The natural history of degenerative disc disease has been studied for many years. Lees and Turner, in 1963, followed 51 patients with cervical radiculopathy for 19 years and found that 25% had worsening of the symptoms, 45% had no recurrence, and 30% had what they classified as mild symptoms.1 Nurick studied the nonsurgical treatment of 36 patients with cervical myelopathy over 20 years.2 Sixty-six percent of the patients who presented with early symptoms did not progress, and approximately 66% of patients with moderate to severe symptoms did not progress either. The patients who progressed tended to be the younger patients.
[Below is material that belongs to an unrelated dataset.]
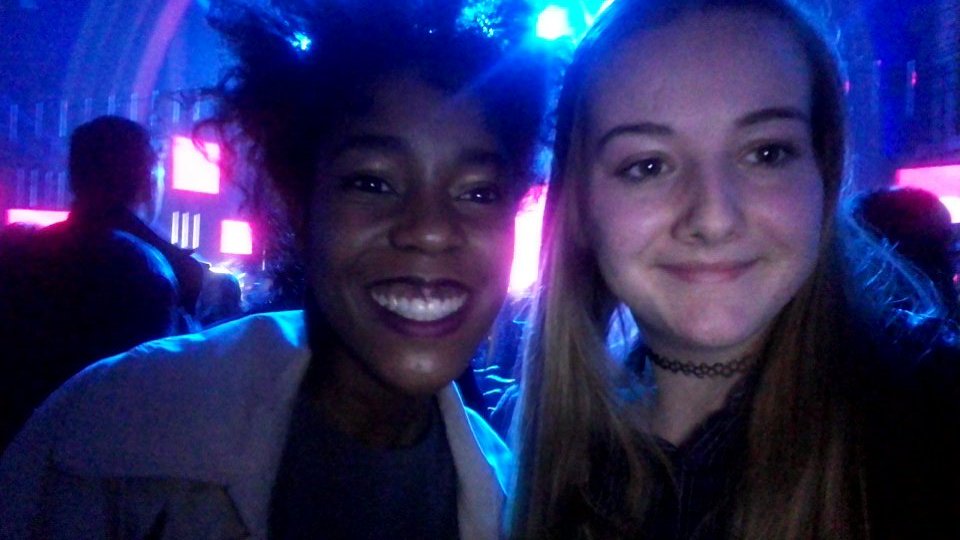 Elle est grave chou <a href="/Inayamusic/">INAYA I OFCOP</a> en vrai ☺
Anatomy and General Mechanisms of Pain
In order to understand the degenerative cascade of the spine, it is of paramount importance to understand the normal function of the different structures and how they interrelate with each other. The facet joints are designed to bear approximately 10% to 30% of the load in the lumbar spine, depending on the patient’s position. The articular cartilage that bears such loads is supported by the subchondral bone. The subchondral bone also serves to provide nutrition to the articular cartilage. The facet joints are diarthrodial synovial joints that have a capsule. The capsules together with the ligaments constrain joint motion. The medial and anterior capsule is formed by a lateral extension of the ligamentum flavum. The capsules and ligaments are innervated by primary articular branches from larger peripheral nerves and accessory articular nerves. Such nerves consist of both proprioceptive and nociceptive fibers. They are monitored by the central nervous system, and may perceive excessive joint motion (potentially due to instability or an injury) as a noxious stimulus and mediate a muscular reflex to counteract such excursions. Nociceptive free nerve endings and mechanoreceptors have been isolated in the human facet capsules and synovium. Such nerve endings may perceive chemical stimuli or mechanical stimuli such as instability, trauma, or capsular distention as noxious stimuli. Joint effusions, commonly seen on MRIs, may prevent such reflexes due to capsular distention, similar to a distended knee joint and absent patellar reflex. Substance P, a pain-related neuropeptide, has been identified in synovium. Higher concentrations have been found in arthritic joints. Additionally, capsular free nerve endings have been found to become sensitized in arthritic joints. This has caused otherwise dormant nerve endings to become reactive to motion that was perceived as normal in nonarthritic conditions.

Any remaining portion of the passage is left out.